A senior Bank of Italy official called on Wednesday for the European Central Bank to be more active in fighting the euro zone crisis, a rare push by one of the bloc's central bankers that quickly ran into resistance from Germany's Bundesbank.

A senior Bank of Italy official called on Wednesday for the European Central Bank to be more active in fighting the euro zone crisis, a rare push by one of the bloc's central bankers that quickly ran into resistance from Germany's Bundesbank.

Bank of Italy Director General Fabrizio Saccomanni said the ECB has shown it can take unconventional policy measures. He also singled out its ability to address financial market stability.

His comments took on particular significance as Spanish sovereign bond yields broke above the psychologically important 6 percent level, with investor concerns growing about Spain's banking system and Greece's political future.

"I think the ECB should play a more active role and should be allowed to play a more active role in market stabilization," Saccomanni told a conference in Florence.

"While staying within the rules of the Treaty, the ECB can do quite a bit and it has done so," he said. "I think it would increase the signalling power of the ECB if it was formally recognized that the European Central Bank can pursue both monetary and financial stability."

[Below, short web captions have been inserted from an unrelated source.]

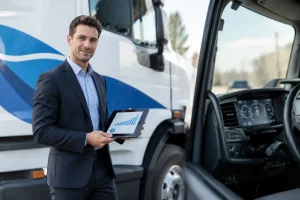 Commercial évaluant le ROI du marquage d’un camion d’entreprise avec un graphique.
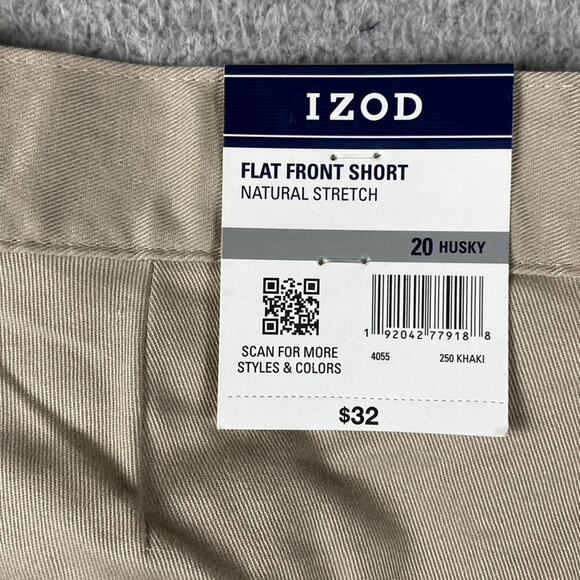 Izod Natural Stretch Husky Robusto Chino Shorts Women's Size 20 Beige New - Picture 11 of 11
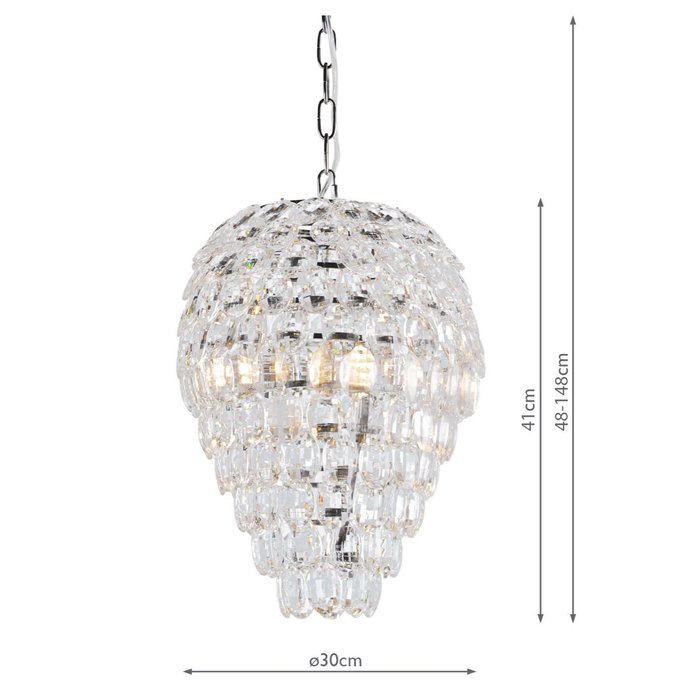 Leon – 3 Light Teardrop Crystal Pendant Ceiling Light – Laura Ashley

Although he is not a euro zone central bank governor, Saccomanni's comments marked an unusual departure from the resistance put up by the bloc's central bankers to political pressure for the ECB to do more to fight the crisis.

Just a day earlier, the central bank chiefs of Germany and Ireland pushed back against such pressure, placing the threshold for fresh ECB policy action a lot higher than market jitters over Greece's inconclusive election.

The ECB has faced renewed pressure over its role from France, where President-elect Francois Hollande has called on the central bank to lend to struggling euro zone states via the region's bailout fund.

The Bundesbank is leading opposition on the ECB's policymaking Governing Council to such pressure and the German national central bank kept up its mantra on Wednesday in a statement that was directly at odds with Saccomanni's comments.

"The real causes of the sovereign debt crisis cannot be solved by monetary policy," it said in a statement prepared for a German parliamentary hearing on the crisis.

EYE ON THE EXIT

The Bundesbank stressed the importance of separating monetary and fiscal policies in order to maintain the independence of the Eurosystem of euro zone central banks and confidence in the euro currency.

"In this respect, the balance sheet risks of the Eurosystem must henceforth be held within limits and an exit from unconventional monetary policy kept in view," it added.

The statement underlines the German central bank's view that the ECB should prepare to unwind the extraordinary measures it has taken to fight the crisis rather than embark on new ones.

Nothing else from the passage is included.